Erstmal rollt Sean Levje auf dem mobilen Schlitten in den Fluss, dessen Wasser mittlerweile am Steigen ist. Tiefer rollt der Schlitten und tiefer, bis der Motor des Schlittens blubbernd 


unter der Wasseroberfläche verschwindet wie ein U-Boot, bis nicht mehr zu sehen ist und Levje wieder richtig schwimmt. Im Herbst fand das alles noch auf einem einfachen Stahlschlitten statt, den ein Traktor an einem 50 Meter langen Stahlseil samt meinem darauf geparkten Schiff wie auf einem Ochsenkarren rumpelnd aus dem Meer zog. 


Aber mit dem neuen Schlitten ist das alles einfacher. Dann lösen Sean und Andy die seitlichen Gurte, die Levje bis hierhin getragen haben. Zum ersten Mal seit Herbst schwimmt Levje wieder. Ich drehe den Zündschlüssel - noch so ein heikler Moment, ob der Motor auch ohne Mucken anspringt.

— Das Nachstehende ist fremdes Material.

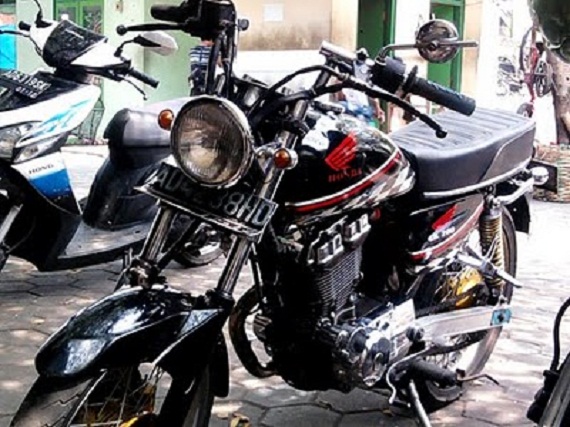 Modifikasi HONDA CB JAP STYLE BRAT STYLE CAFE RACER CUSTOM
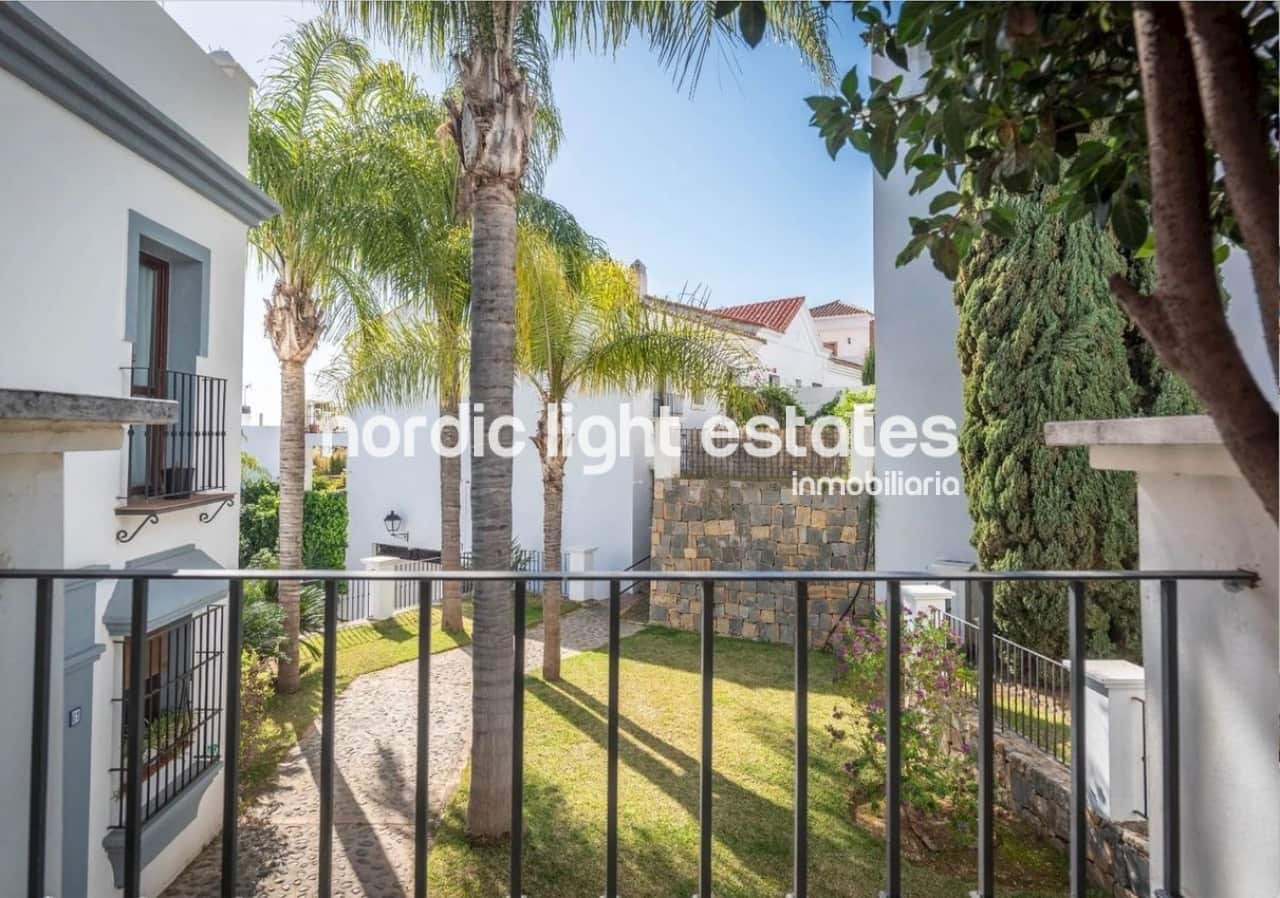 4 bedroom Semi-detached Villa for sale in Estepona with pool garage - € 749,000 (Ref: 10181863)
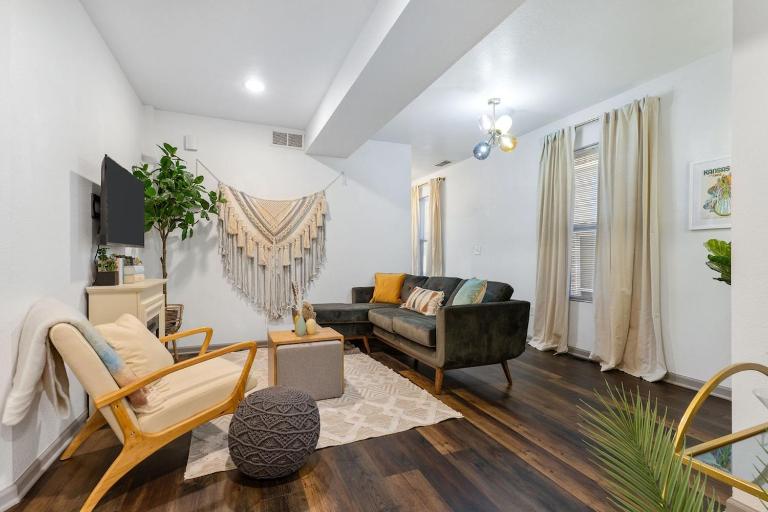 Columbus Park - Lower- 1 Bed Close to River Market - B&B Kansas City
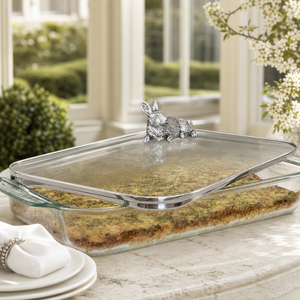 Bunny Lid with Pyrex 3 quart Baking Dish 7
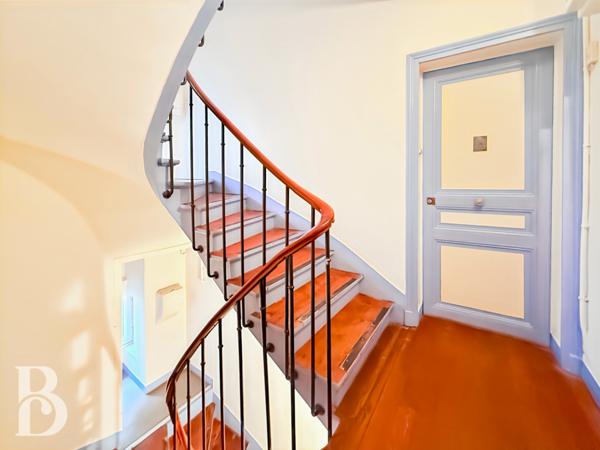 Paris (75014) 2 pièces traversant de 33 m2 - Plaisance (Raymond Losserand)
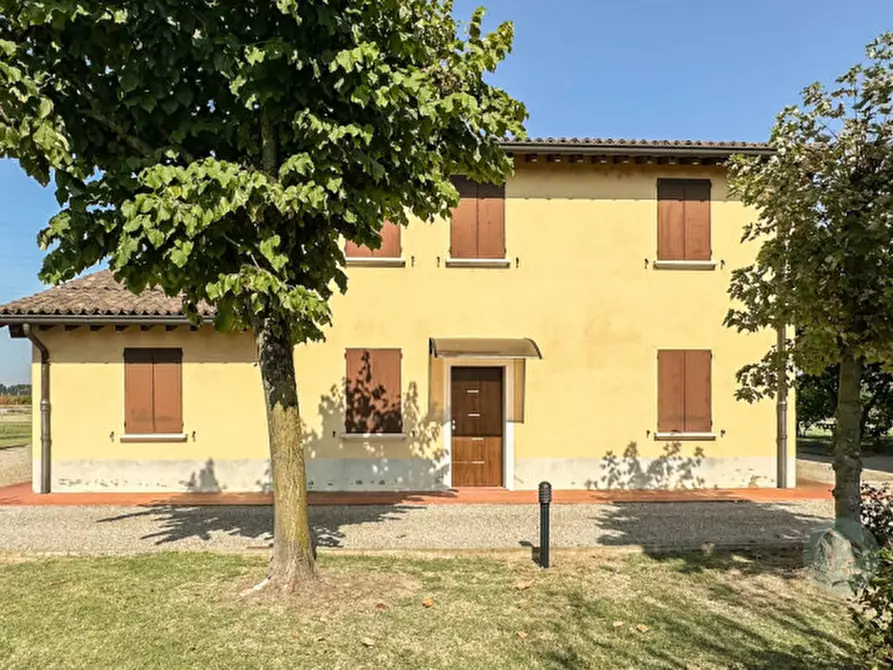 Immagine 16 di Villa in vendita  in Via Bella Rosa 4 a Carpi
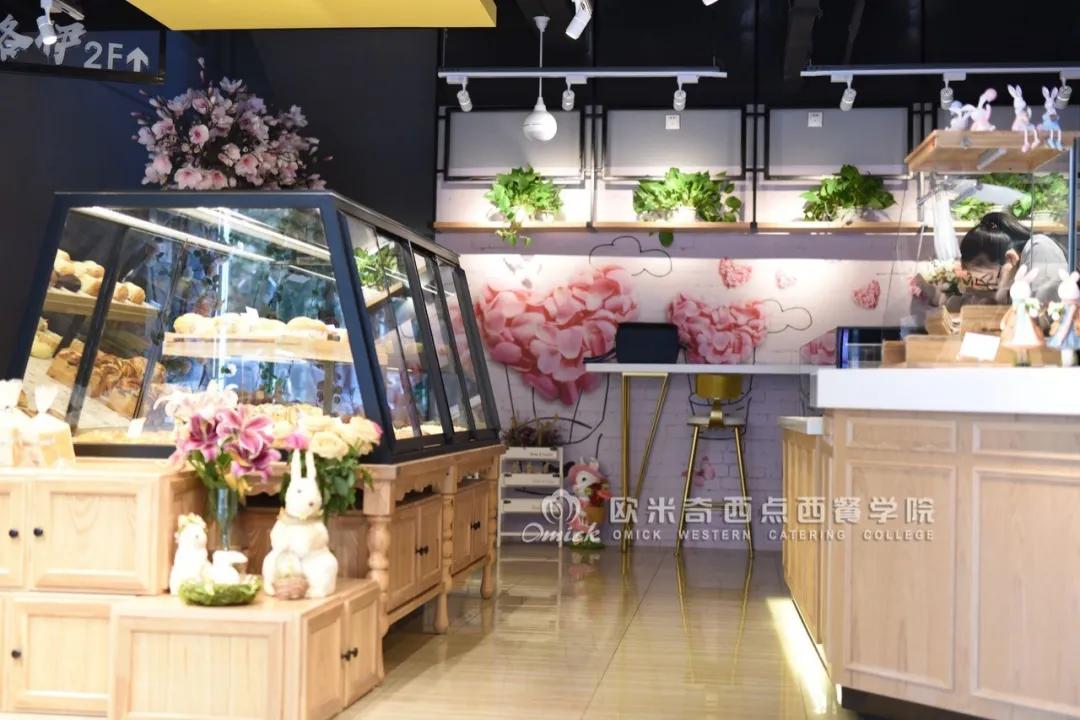 如何能开一个好的甜品店,想要开一家甜品店需要准备什么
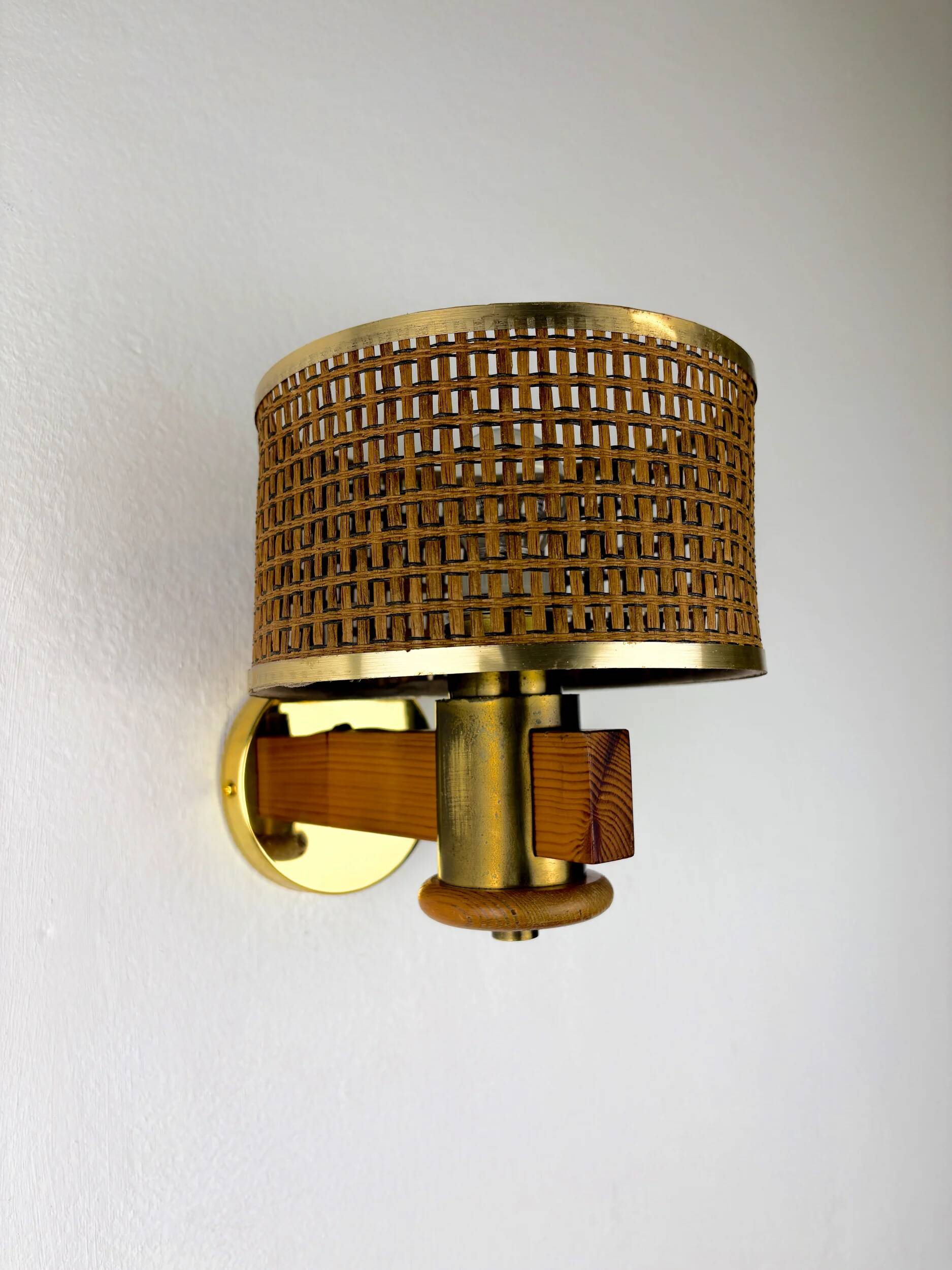Vintage rattan & wood wall sconce, Italy, 1970s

Nur ein kurzer Dreh: Dann ist er auch schon da und legt los. Als hätte er nur gewartet, dass es endlich wieder los geht.

Dann geht es zwischen den Reihen vertäuter Boote hinaus, die halbe Meile hinüber bis zur Sparkes Marina. Und damit ich mich zwischen den wenigen Seezeichen und all den herumliegenden Booten auf der weiten Wasserfläche und den wenigen Seezeichen nicht verfranze, fahren Sean und Andy im Dinghy den Flussarm voraus. Alles ist wunderbar. Der Motor läuft. Das Schiff schwimmt. Der Wind böt und die Sonne scheint. 



Ein ganz großes DANKE an Sean (ganz rechts) und Andy (man kann nur schwer um ihn drumherumsehen). Als Levje wieder im Wasser schwimmt, bin ich nicht der einzige, der aufatmet. "Deine Levje war der dickste Fisch, den wir in diesem Frühjahr mit unserem neuen Schlitten ins Wasser brachten", grinsen beide hinterher verschmitzt. 

Ihr habt einen tollen Job gemacht! Sean und Andy werden die Werft von Dave (Bildmitte) und seinem Bruder Barry übernehmen - und ich wünsche Euch beiden alles, alles Gute für Euren Sprung in die Zukunft auf Eurer Werft. Und Dave und Barry für ihren Aufbruch in den Ruhestand.


Hinweis: 
Dieser Post ist keine bezahlte Werbung. Durch die Veröffentlichung erhalte ich keine Vorteile von Wilsons Boatyard, weder in finanzieller noch sonstiger Form.